[Start of section]

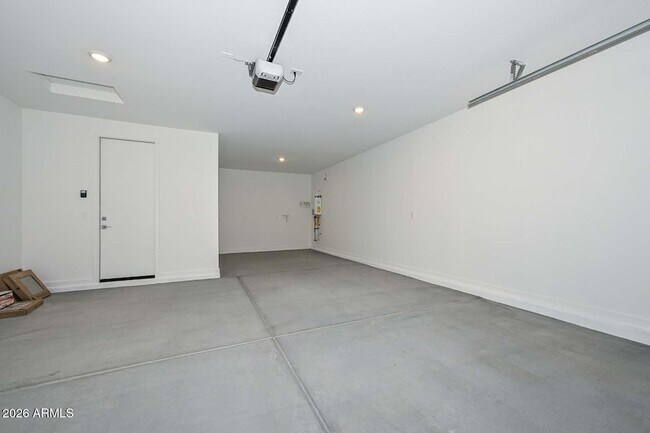 Building Photo - 16004 W Honeysuckle Dr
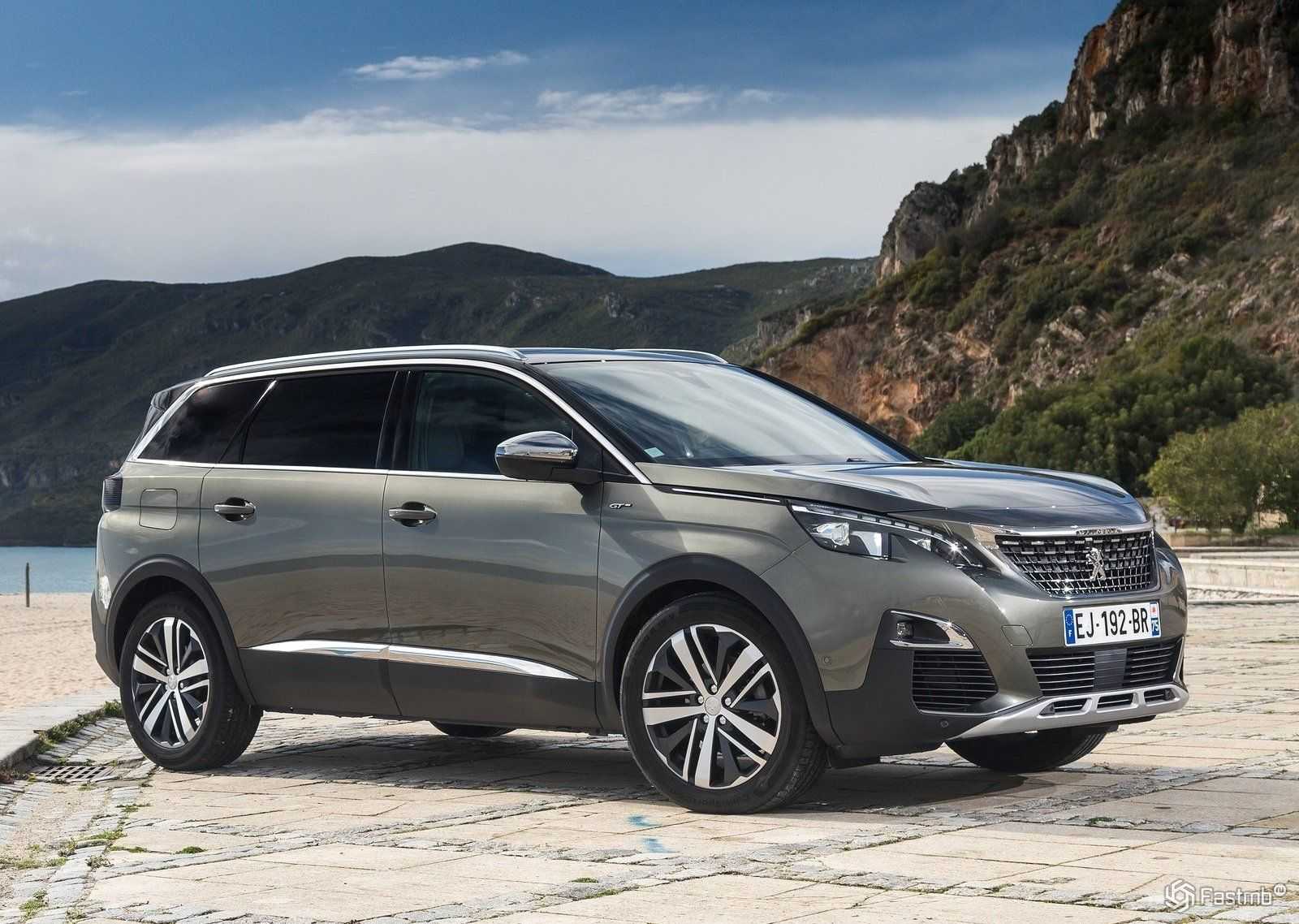 Новый кроссовер peugeot 5008 i grand suv (до 7 модульных сидений в салоне)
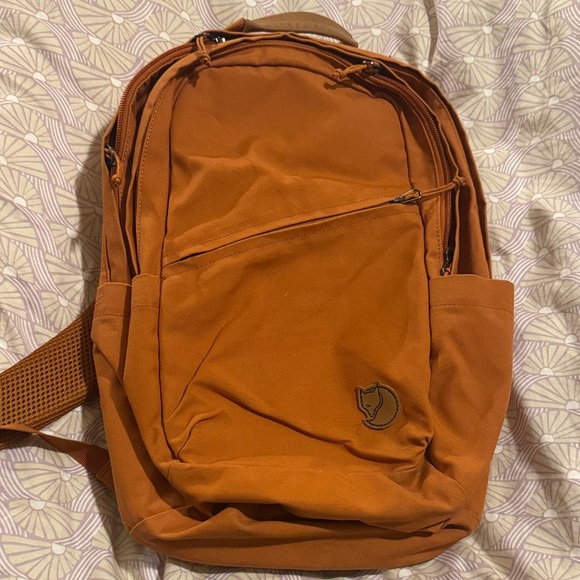 Fjallraven Handbags - Raven 28 Fjallraven Kanken-style Backpack in Rust Orange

[End of section]

● **What the task asks**
The material above should be repeated word for word, with every picture omitted.

● **Problem solution**
 Building Photo - 16004 W Honeysuckle Dr
 Новый кроссовер peugeot 5008 i grand suv (до 7 модульных сидений в салоне)
 Fjallraven Handbags - Raven 28 Fjallraven Kanken-style Backpack in Rust Orange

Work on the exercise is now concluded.